Observer A had reported 1 false positive smear in which the cellular material was entangled with fibrin. Observer B had reported 3 false negative smears and Observer C had reported 2 false positive smears, probably due to an improper screening.
The statistical analysis revealed a ‘p’ value of <0.001 between the observers and between the stained and unstained smears.
Despite being a familiar cytological technique, unstained smear examination has been limited to the examination of urine, semen, vaginal smears and other body fluids [1-3]. A gross examination which is based on the granularity or the particulate nature of the aspirate is sufficient to assess the specimen adequacy in a majority of the cases . However, bloody aspirates may appear to be inadequate on gross evaluation and they may subsequently show adequate material on staining.
Rapid staining methods like Diff-Quik and Toluidine blue stain can be used for preliminary evaluation of the aspirated samples before sending the patient. With Diff-Quik staining, the stain is less intense than the MGG stain. Following Toluidine blue staining, a restaining is necessary. The ultrafast Papanicolaou stain gives a rapid assessment of the FNAs and it offers an excellent cytologic detail.
Very few published studies are available in the literature regarding the efficacy of using unstained smears for evaluating the adequacy of the needle aspirations. Prayaga A.K. and Vijaya K, in their study, found the unstained smear evaluation to be an effective technique for determining the adequacy of needle aspirations. They found no statistically significant difference between the analyses which were done by a consultant and a junior resident .
The present study established the fact that the unstained smear evaluation with a reduced illumination under light microscopy, is an effective technique for determining the sample adequacy, even in the hands of a less experienced pathologist. In India, in resource constrained areas and peripheral rural health units, where consultant pathologist services are not available, the referring doctor can be sensitized to assess the adequacy of the sample on unstained smears before dispatching them to the consultant pathologist.
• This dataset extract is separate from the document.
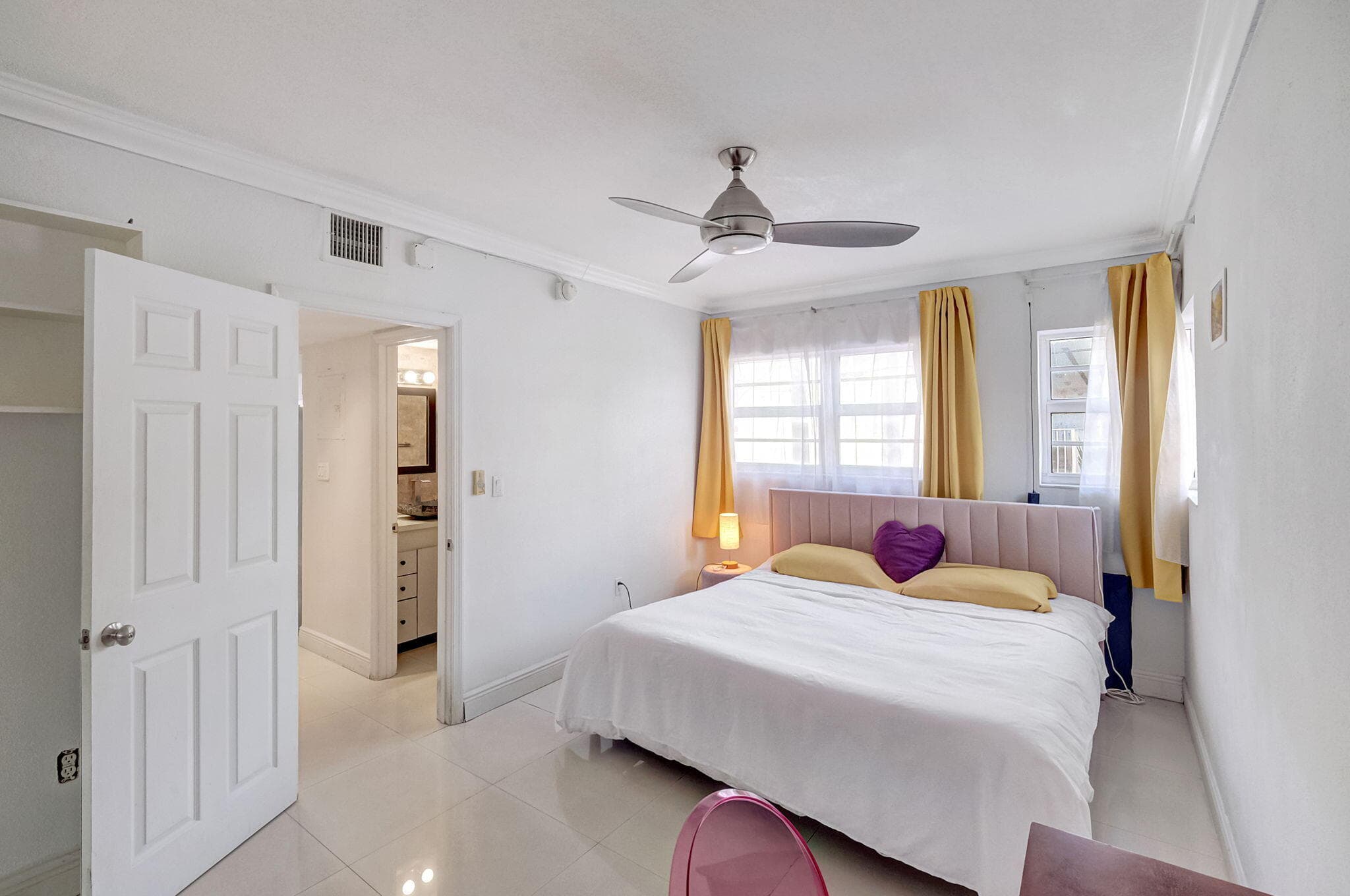 900 Euclid Avenue 8, Miami Beach, FL 33139 10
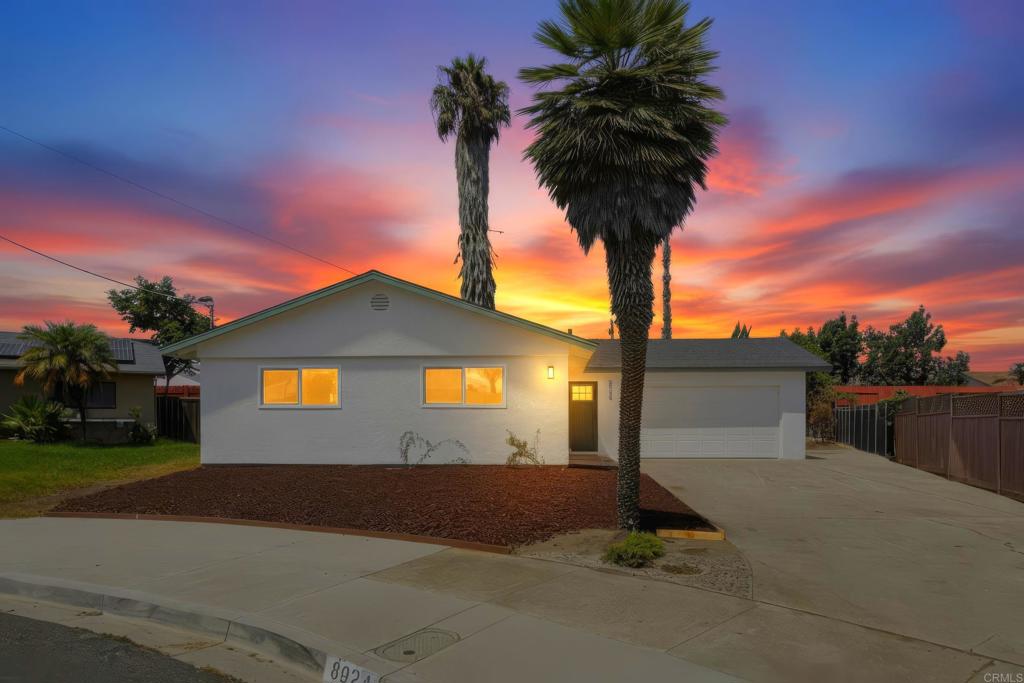 8924 Jana Court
The specific advantage of the technique includes avoidance of the interpretation problems due to tissue reaction, following multiple passes, since aspiration induced artifacts may occur as a consequence of repeated aspirations [5,6]. In addition, undue delay in reporting, which is due to sample inadequacy, is avoided.
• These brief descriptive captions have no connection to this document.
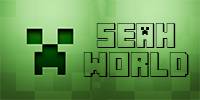 Miniature du serveur Seah World MC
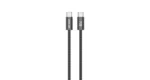Green Lion 240W USB-C to USB-C Ultra Fast Charging Cable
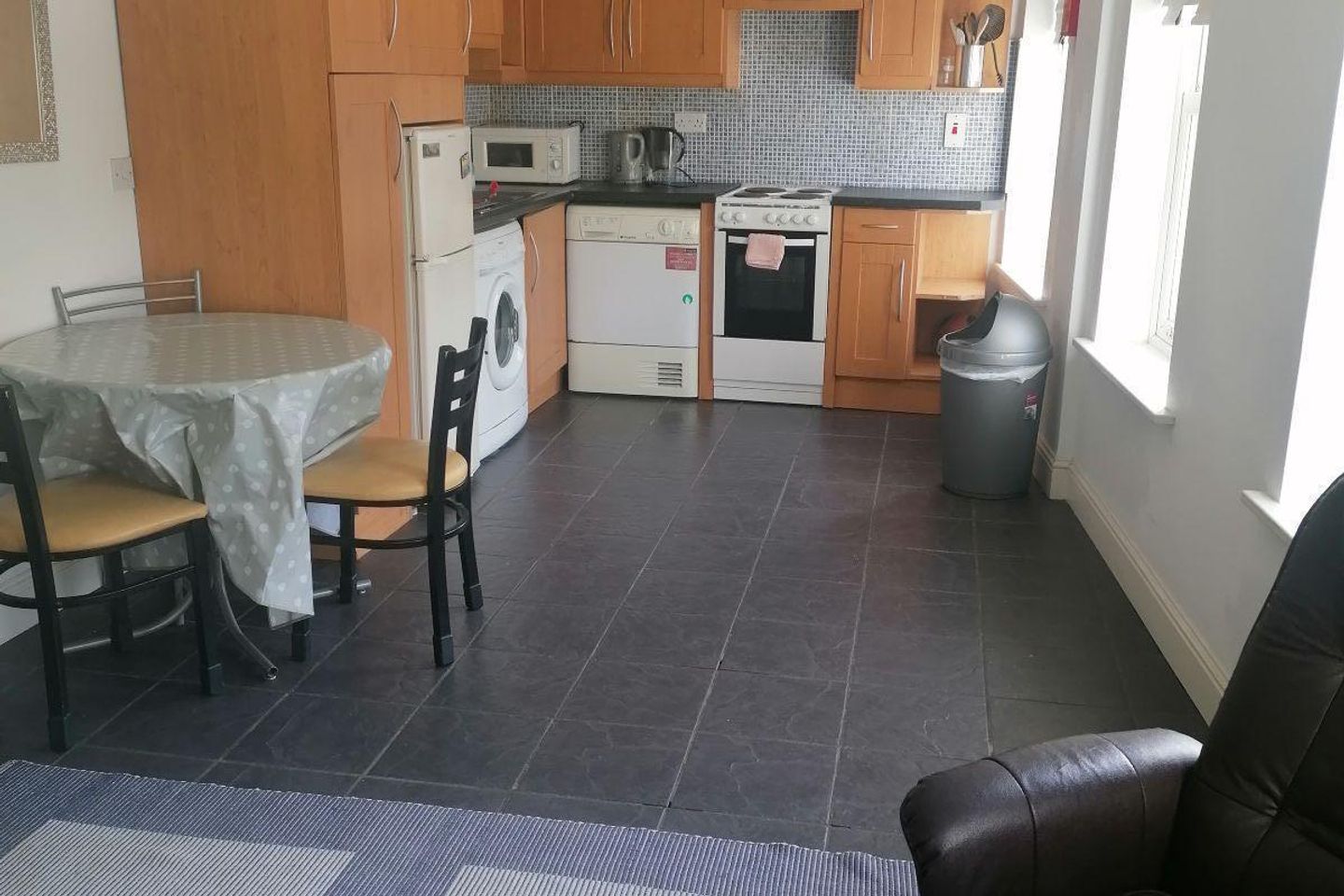 40-43 Thomas Davis Street, Blackpool, Cork, Blackpool, Co. Cork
Besides these advantages, the option of using the smears for special staining and immunocytochemistry, is retained.
Unstained smear examination is an extremely effective tool in the evaluation of the sample adequacy in cytological smears and it offers specific advantages by way of a rapid diagnosis and avoidance of the inordinate delay which is associated with assessing the sample adequacy after using cytological staining techniques. It is surely worthy of being recommended for the routine practice.